Mark Yusko on the Evolution of the Edge

One of the things I really like and, you only learn these things when you look in hindsight, I had this history of hanging out with the "bad people". So you all go back to the 90s, post the recession in 1991, there were "the bad people" that have caused all the stress in real estate and junk bonds, the Michael Milken crowd.

And we had gone to the board and said, hey, we should buy these high yield bonds because they're selling at big discounts. Oh, you can't buy those that's where all the bad people are. And how about real estate? Oh, no, no all the bad people you know Barry Sternlicht, he blew up JMB he's pretty smart guy built Starwood done okay for himself, billionaire now. And so we invested with these "bad people". And same thing with hedge funds.

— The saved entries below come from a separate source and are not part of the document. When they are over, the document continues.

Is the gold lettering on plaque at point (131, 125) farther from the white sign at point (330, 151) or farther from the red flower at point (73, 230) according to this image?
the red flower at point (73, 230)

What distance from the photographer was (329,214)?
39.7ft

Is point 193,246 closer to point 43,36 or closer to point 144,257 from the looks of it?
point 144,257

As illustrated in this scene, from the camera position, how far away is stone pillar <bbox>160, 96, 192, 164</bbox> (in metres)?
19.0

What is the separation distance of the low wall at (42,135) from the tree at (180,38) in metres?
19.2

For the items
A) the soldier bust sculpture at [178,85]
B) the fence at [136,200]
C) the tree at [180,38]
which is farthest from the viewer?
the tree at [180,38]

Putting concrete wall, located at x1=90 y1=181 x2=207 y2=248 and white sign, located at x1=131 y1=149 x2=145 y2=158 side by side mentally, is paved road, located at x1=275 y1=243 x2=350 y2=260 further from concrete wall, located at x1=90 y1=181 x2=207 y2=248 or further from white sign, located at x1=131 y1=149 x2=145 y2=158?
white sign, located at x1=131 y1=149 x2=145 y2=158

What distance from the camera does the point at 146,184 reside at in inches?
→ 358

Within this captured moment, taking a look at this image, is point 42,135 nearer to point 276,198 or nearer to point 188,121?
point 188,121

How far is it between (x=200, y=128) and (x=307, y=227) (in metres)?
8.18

We brought Tiger Management and Perry & Partners and a couple others to the guys that had noted in the board at Notre Dame and I call, that's bad people, A.W. Jones, they were inside traders. And come on guys.

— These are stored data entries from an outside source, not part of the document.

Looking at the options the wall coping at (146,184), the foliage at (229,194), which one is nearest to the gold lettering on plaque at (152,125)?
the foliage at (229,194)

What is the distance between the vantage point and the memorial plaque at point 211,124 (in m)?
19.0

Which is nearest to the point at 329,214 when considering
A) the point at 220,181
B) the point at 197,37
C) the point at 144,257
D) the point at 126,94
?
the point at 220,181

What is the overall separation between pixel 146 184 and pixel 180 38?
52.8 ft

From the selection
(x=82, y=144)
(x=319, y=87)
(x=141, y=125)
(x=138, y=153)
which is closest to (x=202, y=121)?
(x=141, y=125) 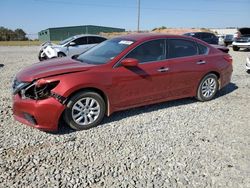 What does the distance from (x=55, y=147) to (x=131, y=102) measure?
166cm

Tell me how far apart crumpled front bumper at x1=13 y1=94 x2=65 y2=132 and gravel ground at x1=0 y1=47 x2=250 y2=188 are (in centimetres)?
20

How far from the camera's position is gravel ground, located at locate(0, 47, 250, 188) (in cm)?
305

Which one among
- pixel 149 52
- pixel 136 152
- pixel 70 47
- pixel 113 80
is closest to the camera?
pixel 136 152

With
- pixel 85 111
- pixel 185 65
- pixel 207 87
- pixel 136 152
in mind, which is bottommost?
pixel 136 152

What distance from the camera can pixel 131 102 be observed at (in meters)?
4.79

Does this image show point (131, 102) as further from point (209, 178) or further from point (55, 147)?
point (209, 178)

So what's interesting is people always criticise things they don't understand.

So the fact that most people don't really understand how long short equity works or how short selling works or how a disciplined investment process around a hedged with a D fund, which A.W. Jones founded, and they don't really get the construct that wait a minute leverage, if I use leverage, you said leverage was risky? Well, it is if you use it in isolation, but if you use leverage plus short selling, which also is risky in isolation, and you put them together, you actually get a lower risk asset. Hedge funds have lower risk, not higher risk than equities.

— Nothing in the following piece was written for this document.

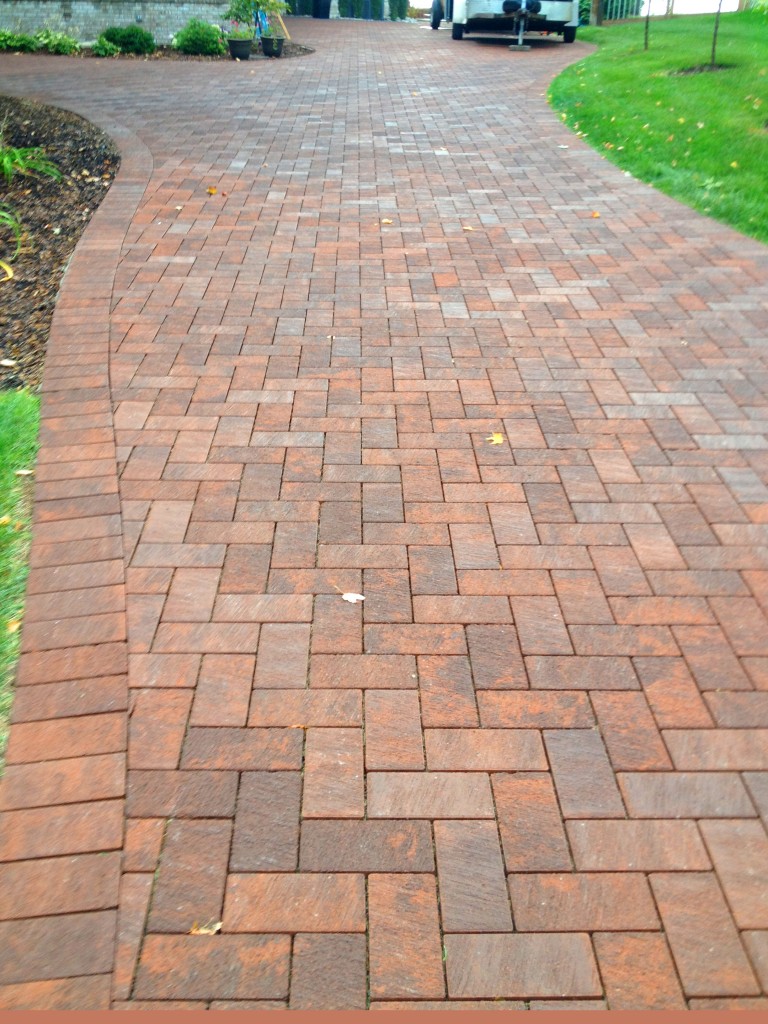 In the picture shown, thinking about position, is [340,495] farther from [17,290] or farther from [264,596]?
[17,290]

So I was very fortunate. I've been privileged and had some great mentors. And, you know, when I came in North Carolina, you know, Julian Robertson was a big donor and grad and he was one of our biggest positions and he kind of took me under his wing and it's been a mentor and friend ever since. And I just thank upstairs every day for that privilege. And when you're around these legendary figures, you can't help but get better. And, you know, being around them teaches you what makes them special and what makes them really good at their job. I've interviewed thousands of managers over the years, I used to do 400-500 meetings a year with these great investors. And you see patterns and you see things that make them really good at what they do.

I'm big on edge. And I have a meta hashtag on Twitter about it. #edge, and I talked about what are the things that give you edge in the world and in investing, there's only a handful of edges.

So in the early days, it was about access to information, meaning that if you got information faster or got information that was unique, you had an edge.

If you go back to the original movie, Wall Street, right, you know, the guy on the motorcycle travelling around, you know, chasing the guy that we see where it's playing was going now there's an internet tool that does that for you. Or it was you know, going breaking in the lawyers, you know, office to steal stuff now that's bad, right that's I'm not saying you should break the law.

There's a great story of this guy in Chicago. He was the first customer of something called News Edge. And what it did is it basically was a computer system before Bloomberg and he basically got information before other people and all of his stocks look like hockey sticks. And why was that? Well, it was because he had access to information before other people. Now as everybody got a computer on their desk and Bloomberg and everybody had access to that information, that edge went away.

So then it became about not just accessed information, but then it became about processing information. Could you process faster, did you have an analytical or modelling edge? Those people who hired more rocket scientists like Renaissance actually built an edge that was unassailable.

Now, it isn't so much about intelligence and having smart people, because everybody's got smart people.

Now it's about speed and computing power.

And I said quantitative models and, alternative data sets and all these things. But at the end of the day, they're still coming down to do they have access to better information? Do they have the ability to process that information better or faster? And to me the most important is do they have the ability to synthesise, meaning know what to ignore? Because the problem is we're all constantly surrounded by incredible amounts of information. We can't process it. We can't listen to all the podcasts. We can't be you know, listen, read all the news, we can't do everything we want to do.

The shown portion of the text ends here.